First, we got behind a little this morning. I realized at 9:00 that we needed to leave in 15 minutes, but I was still getting Bella dressed, Naomi's hair was not yet done, and I was in my pajamas. When I am heading out the door with all three of my children, I usually like to make sure we are all well-groomed, since I like to appear to be a mother that is capable of handling her brood. And especially at the doctor's office, I need to look like three children is not a big deal, since I will soon be caring for four. I made some quick decisions, foregoing a shower, applying extra deodorant, mascara, and bronzer,
We were called back to the examination room, and the nurse raised her eyebrows at my entourage. I apologized, explaining again about spring break, and we did our weigh-in (lovely, isn't it?) and blood pressure. Bella is crying now, because she is now very clear on the association of doctor's offices and shots. VERY CLEAR. She keeps covering her mouth and saying "I scared" between sobs. After the nurse leaves, however, my little monster decides that she will probably escape this horrible situation unscathed and begins to investigate the room. I decide that I need to get everyone arranged before the doctor arrives, so I set her on my chair, with her favorite baby doll, and I talk to the big girls about the fort in the corner of the room. (It's a small dressing area with a curtain.) I am getting Olivia and Mimi set up in the fort with their Barbies (a 5-second procedure) when I hear a drawer slam open and I turn around to find Annabel, one hand in the speculum-SPECULUM!-drawer of the examination table and one hand around a bottle of clear solution which she is guzzling as fast as she can. I gasp and run to figure out what she is drinking. The bottle is unlabeled. It smells of nothing, but it looks suspiciously like a specimen jar. And I'm faced with a dilemma. Do I assume it's innocuous and simply return it to the drawer? Or do I have to face the nurse and 'fess up because that bottle could be anything? I decide I have to tell, so I shamefacedly slink out of the room. I babble that I really was watching the baby, but she got in a drawer and she drank some of . .. whatever it is and I'm sorry and is it a problem? She informs me that it's only water, "warm water for the speculums" and that it's not a big deal, and she walks back into the room with me and replaces the bottle in the drawer and shuts it. (If I'd only known. I can put a bottle back in a drawer and I could have saved myself the humiliation.) Then she says, (kindly, but firmly) "We really can't have the kids playing in the drawers."
At this point, I think, "Do you really think I didn't know that? Do you really think that prior to coming here, I told my children that we were going to a fun room full of little drawers and they could have at it? Obviously, I know that my kids shouldn't be in the drawers.
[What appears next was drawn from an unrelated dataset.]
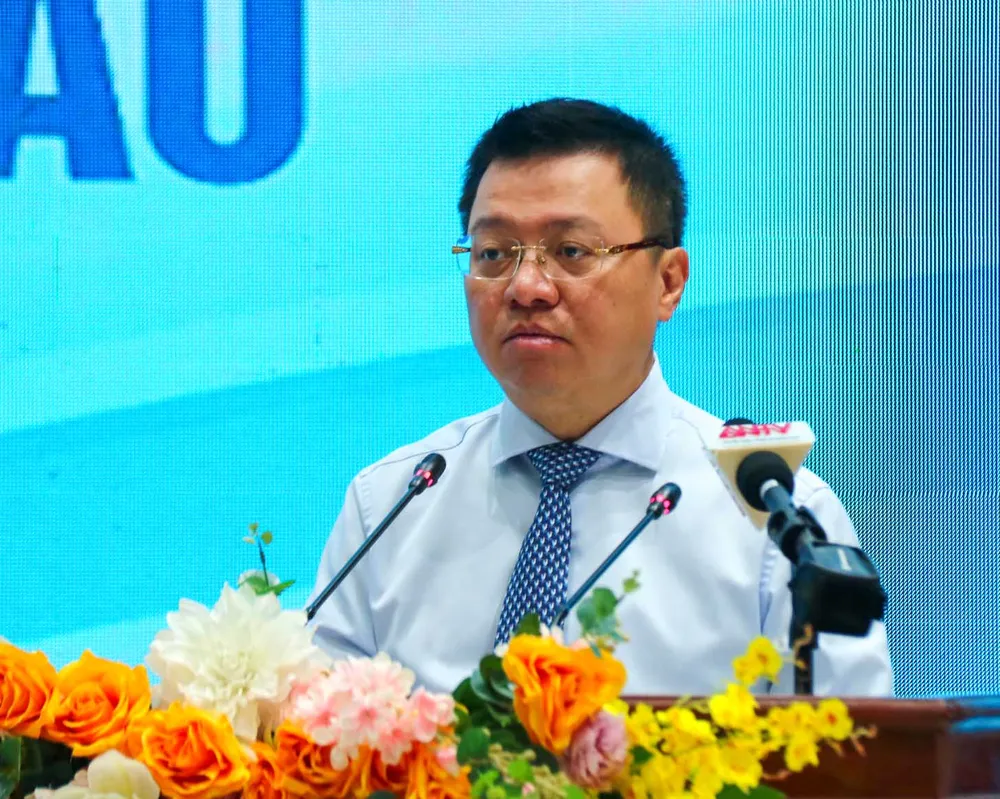 Đồng chí Lê Quốc Minh, Ủy viên Trung ương Đảng, Tổng Biên tập Báo Nhân Dân, Phó trưởng Ban Tuyên giáo Trung ương, Chủ tịch Hội Nhà báo Việt Nam phát biểu tại hội nghị Đồng chí Lê Quốc Minh, Ủy viên Trung ương Đảng, Tổng Biên tập Báo Nhân Dân, Phó trưởng Ban Tuyên giáo Trung ương, Chủ tịch Hội Nhà báo Việt Nam phát biểu tại hội nghị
It was a five-second mistake, and I've already apologized." But before my righteous indignation got the better of me, I remembered that I had let my one-and-a-half-year old drink SPECULUM water (I'm pretty sure it was unused), and I needed to get back down off that high horse. If Bella develops trichomonas of the mouth, I'll know the hygiene of my doctor's office is not up to snuff.
20 comments:
okay, that is soooooo funny! It is a rare occasion when one can take children to a quick dr. visit and not have them cause a scene. This one was the best I have ever heard!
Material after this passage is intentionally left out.